Yesterday (16) the STF issued a note saying that the protests of Brazilians against ministers in New York were manifestations of “intolerance and violence”. In the few lines signed by Minister Rosa Weber, one can also read this excerpt that will enter the Annals of Brazilian Juridical Cynicism (volume 13): “Democracy, founded on the pluralism of ideas and opinions, to legitimize dissent, proves to be absolutely incompatible with acts of intolerance and violence, including moral violence, against any citizen”.
We even give a discount because we know that the Minister of platitudes is café au lait. Even so, the concepts and language used in the note are troubling. After all, it seems that our supreme ministers do not understand the meaning of very important words for the proper functioning of the truly democratic gear, such as tolerance. Worse: the note speaks of “moral violence” as if the STF were not one of the three pillars of the Republic, the “white head” power par excellence and a place occupied by mature people and in full enjoyment of their mental and emotional faculties, and yes a safe space for fragile children.
In addition, what does Minister Rosa Weber mean by “pluralism of ideas and opinions” ? Does she know that such dissent, the same as legitimate democracy, presupposes the coexistence conflicting of antagonistic ideas? Rather, I will speak in a way that even Minister Rosa Weber can understand: once upon a time there was a very silly and ugly idea, which wanted to win over other ideas based on physical violence, institutionalized shut-up and legal persecution. Then, through democratic dissent, a better idea (an idea of freedom, perhaps?) came and won. And everyone lived happily ever after. The end.
Democratic anger
“But what about swear words? You’re not going to talk about the profanity? You have to talk about the profanity, man! From the injuries. From the attack on the honor of ministers. Of verbal violence. Do des-res-pei-to!”, says one of those people who separate syllables when they want to emphasize something and who really believe that Alexandre de Moraes deserves a statue (equestrian?) in a public square. To which I respond with the annoying obviousness of common sense: swear words are wrong, reprehensible, regrettable, shameful, etc. But they are also understandable. Very understandable.
We are facing a crowd that feels wronged and, without knowing how to express it, does what they can. That is, it makes use of the freedom guaranteed by a Constitution immune to the alexandrices of life (the North American one) to make it clear that the absolute power of the ministers of the Supreme Court is not welcome. And it’s no use coming up with the lame excuse of being “protecting democracy”.
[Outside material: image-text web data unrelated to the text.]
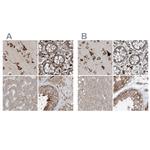 XTP3B Antibody in Immunohistochemistry (IHC)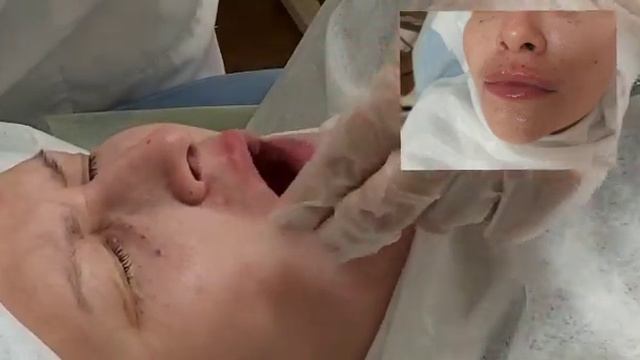 АирисКом студенты учатся: обучение филлеры губы.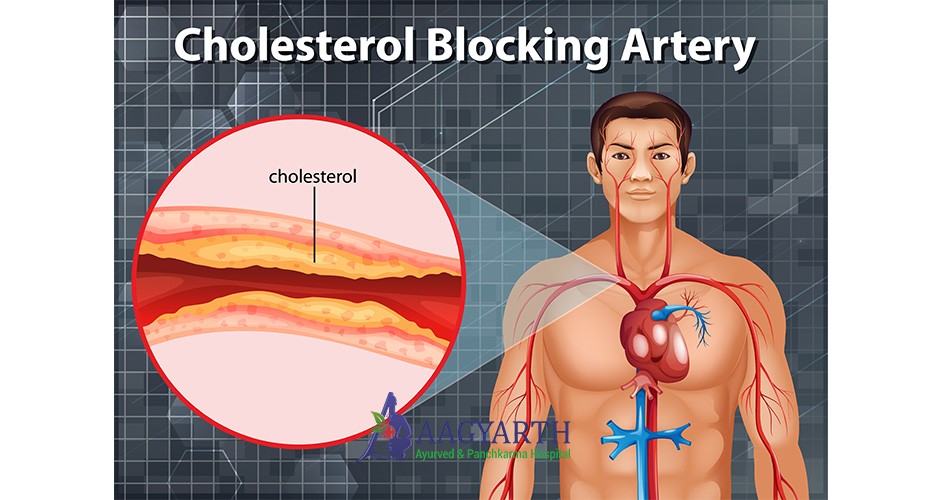 Cholesterol-Treatment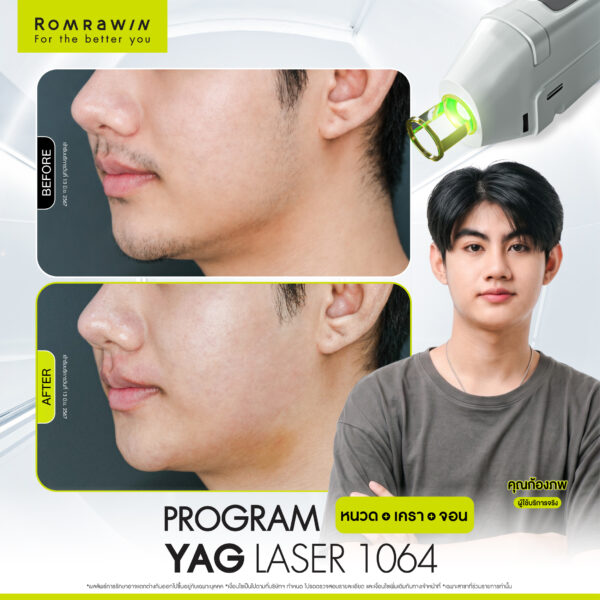 All Review 111 รีวิว Yag Laser 1064 หนวด คุณก้องภพ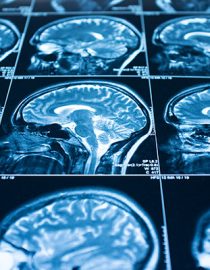 How Brain Scans May Change ADHD Diagnoses How Brain Scans May Change ADHD Diagnoses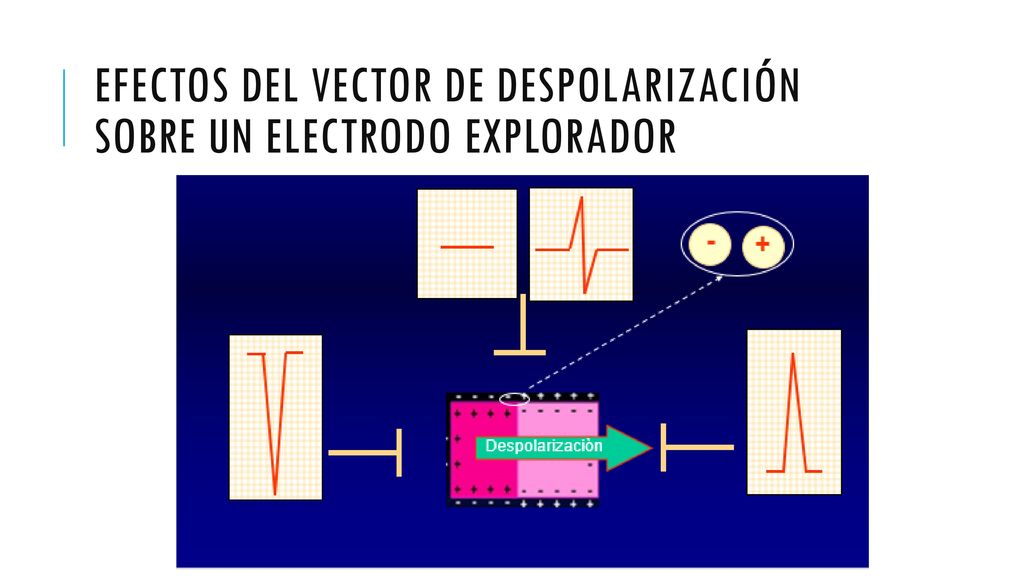 Efectos del vector de despolarización sobre un electrodo explorador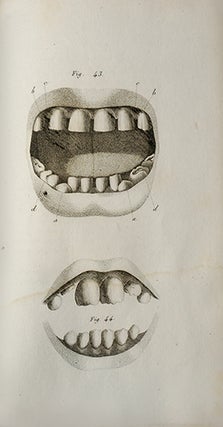 Traité de la seconde dentition, et méthode naturelle de la diriger; suivis d'un aperçu de séméiotique buccale.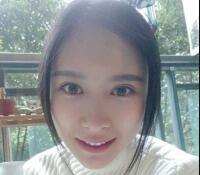 大腿吸脂做自體脂肪面部填充三個(gè)月了，分享給大家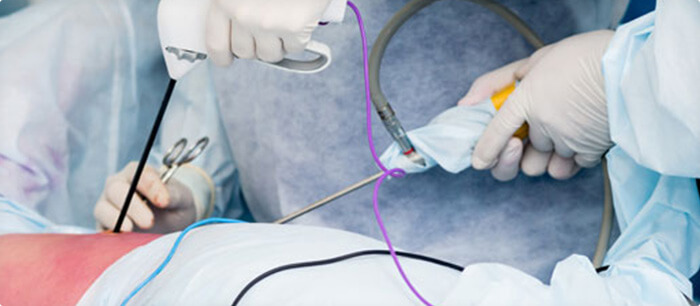 surgical oncology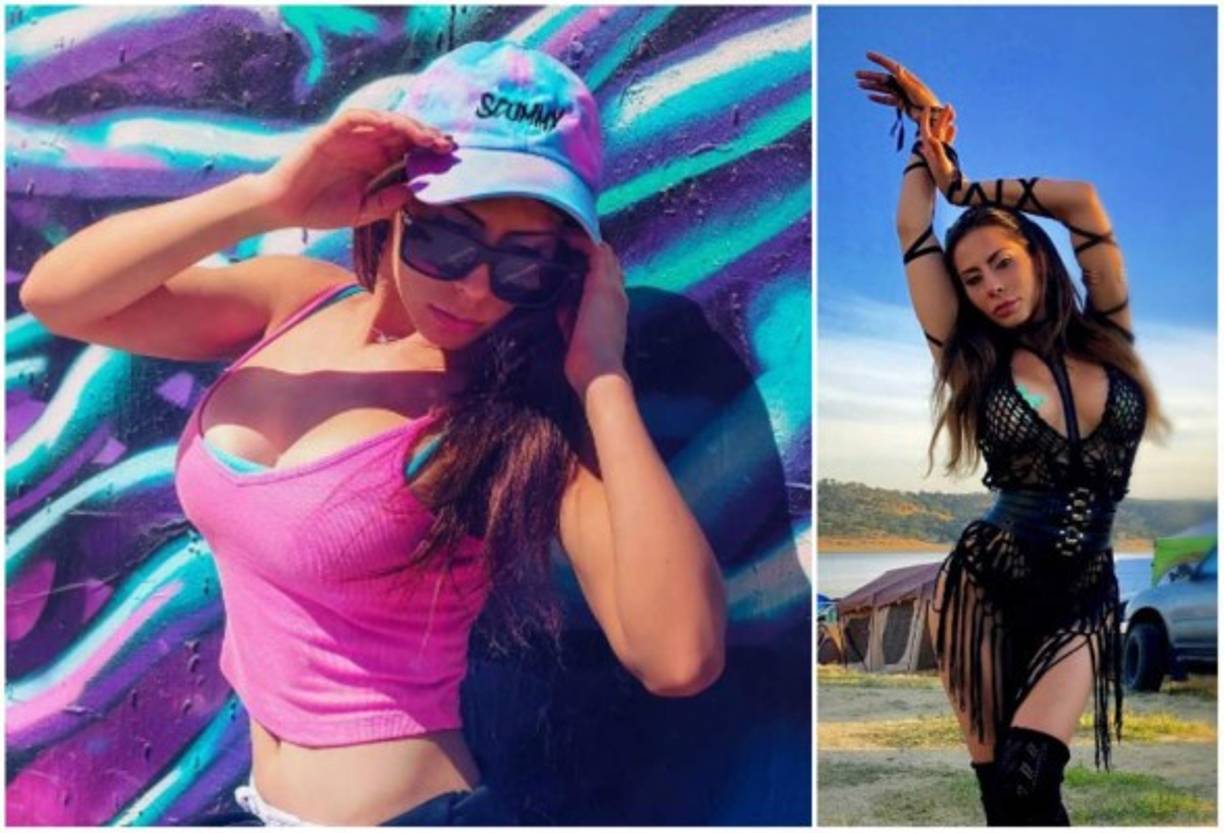 Tras sobrevivir a un accidente automovilístico, la actriz de cine para adultos Madison Ivy ha compartido sus avances en sus redes sociales y es impactante. <br/><br/>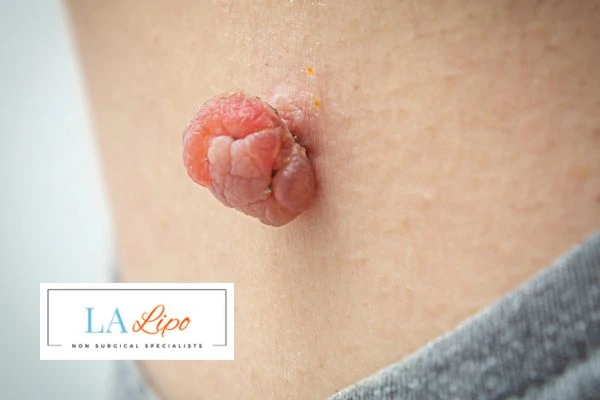 Interested in skin tag removal Lower Sydenham? Concerned about the pain? Find out more today!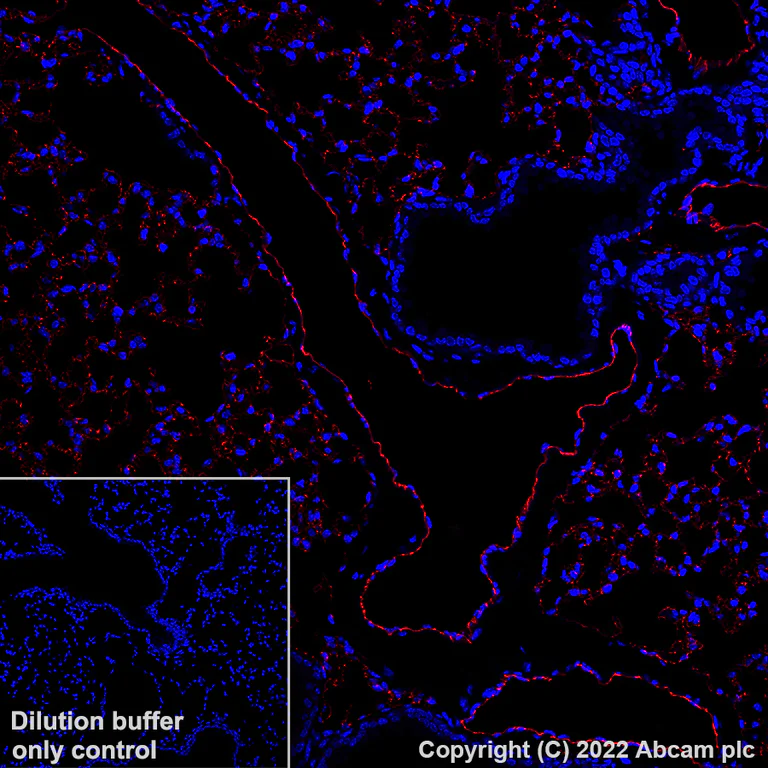 Immunohistochemistry (Formalin/PFA-fixed paraffin-embedded sections) - Alexa Fluor® 647 Anti-CD31 antibody [EPR17259] (AB305210)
It’s a crowd that doesn’t feel that it was just defeated at the polls; she feels that she was defeated long before leaving home and facing long queues to cast her vote in the TSE’s infallible and unquestionable machines. It is a crowd that, in the face of successive mockery, from the “temporary censorship” to the STF minister’s dinner with the PT lawyer, has nowhere to turn. Especially because, in a real democracy, they would appeal precisely to the ministers of the Federal Supreme Court. That is, those who have the greatest attribution to protect ordinary citizens from possible abuses committed by the State and its agents.
Co-opted by a political group (leftists, communists, progressives, petistas – call it what you will) and intoxicated with pride, however, the highest instance of Brazilian Justice is no longer capable of producing… justice. In the face of this, how can you not understand profanity? Name-calling is the last resort of a population that for years has seen prudence, meekness, logic and even legal doctrine being ignored or replaced by the voluntarism of dictators in toga.
As well as the politics is war by other means, in the context of the supreme riot in New York the word foul is habeas corpus by other means. I give this the rather uncreative name of “democratic wrath”: a frightening monster that slept in a splendid cradle until it was awakened by the ambition of ministers who consider themselves crusaders of this pathetic PT revolution.
The text is over
The text is over and all, but there’s a little bit of reasoning left here and, well, since the Lula government is a harbinger of lean cows, it’s not worth wasting it anything. It’s a silly, simple, random thing. So silly, simple and for nothing that I don’t even know why I’m writing. But I am.
It so happens that, taking into account the mastodontic vanity of our judges, I was imagining their shame before the justices of the Supreme Court of the United States and of all the places to which the images of the protests may have arrived. Because, you know, they might not give a shit about me and you, but they’re totally dependent on accepting the image they project to the world.